Projekt mit BWL-Studenten

 Bernd Levermann achte darauf, dass der Facharbeiternachwuchs gewährleistet ist, bildet drei Azubis aus. Er pflegt aber auch Kontakte zur Uni. Projekt mit BWL-Studenten So hat er BWL-Studenten im Haus, die im Rahmen eines Projektes eine Produktherstellung von Anfang bis Ende kaufmännisch durchplanen. Details verrät Levermann nicht, das Produkt sei noch geheim.
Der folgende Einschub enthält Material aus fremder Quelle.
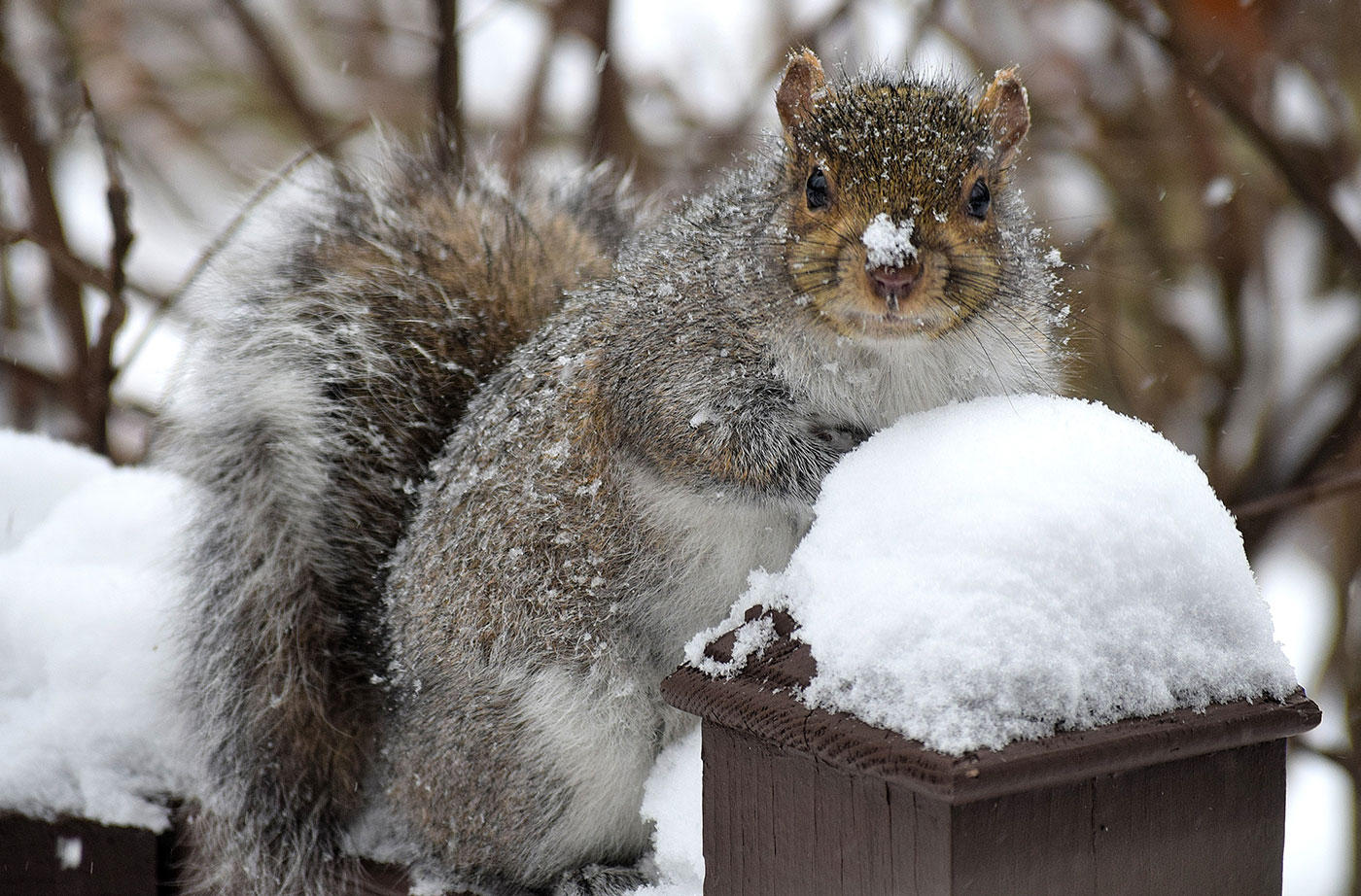 Grey squirrel South China Hal Winters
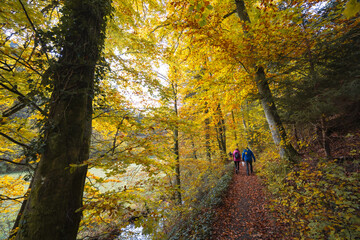 Herbst in Erlangen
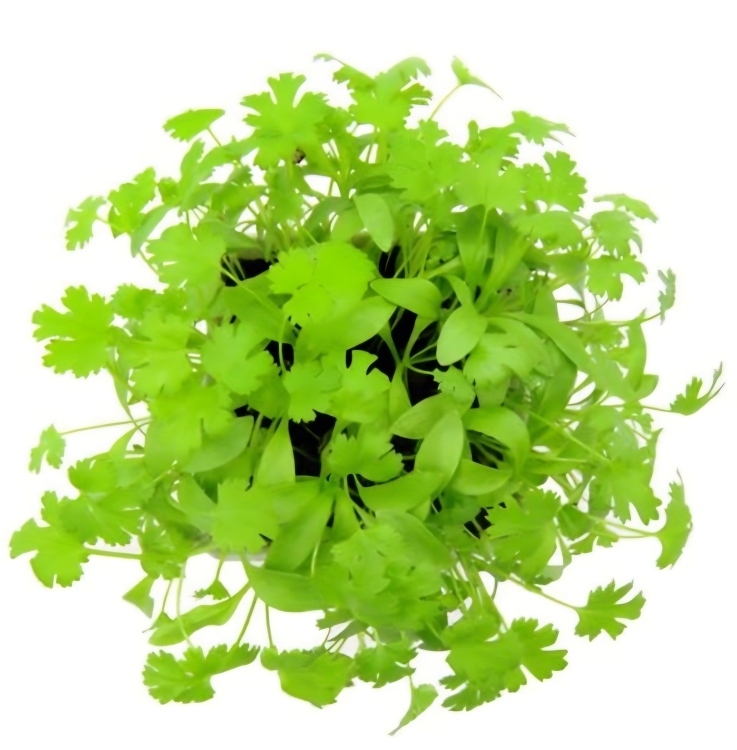 مدادة مائية سريعة النمو و  الإنتشار 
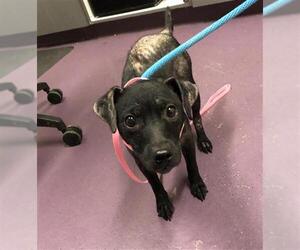 Rat Terrier-Unknown Mix Dogs for adoption in Long Beach, CA, USA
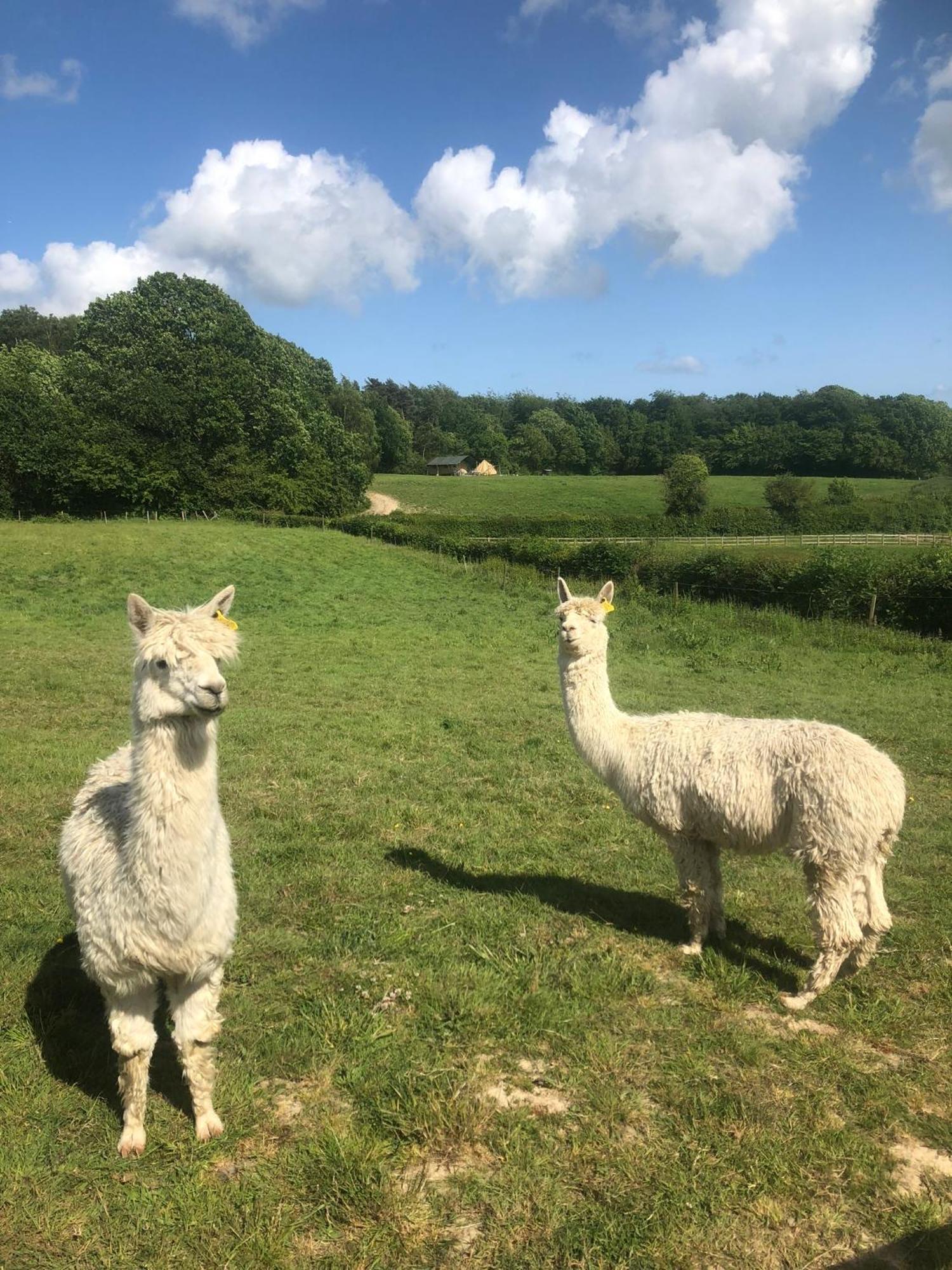 Swallows Oast Glamping Sedlescombe Exterior foto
Was die Konjunktur anbelangt, so zeigt sich Levermann optimistisch. „Der Bausektor läuft nach wie vor gut, schon jetzt haben wir einen Auftrag für das nächste Jahr bekommen.“ Sicher sei das auch branchenabhängig. Wer in der Automotive-Industrie unterwegs sei, habe sicher unruhige Zeiten. Redlich müht sich Bernd Levermann, doch es läuft nicht alles glatt. So wundert er sich, dass der Zeitraum zwischen Antragstellung und Baugenehmigung durch den Märkischen Kreis sieben Monate betragen habe.

Teurer Löschwasserbehälter nötig

 Die Genehmigung für die Projekte zuvor hätten nur ein paar Wochen in Anspruch genommen. Zudem gab es die Auflage, einen Löschwasserbehälter vorzuhalten, was „plötzliche Mehrausgaben in Höhe von 50 000 Euro“ nötig machten. Glücklicherweise gab es noch eine platzsparende Idee der untere Wasserbehörde: Der Behälter wurde in die Uferböschung integriert. Offensichtlich sei die Löschwasserversorgung im Industriegebiet unterdimensioniert. Marcus Henninger, Neuenrader Bauamtsleiter, verweist darauf, dass es „eine empfohlene technische Richtlinie“ gebe, die greife, wenn eine bestimmte Gebäudegröße überschritten werde. In Neuenrade seien die Leitungen so dimensioniert, dass 1600 Liter pro Minute entnommen werden könnten. „Das ist schon gut“. Gleichwohl würden bei neuen Industriegebieten in der Regel seitens der Kommune Löschwasserteiche gebaut.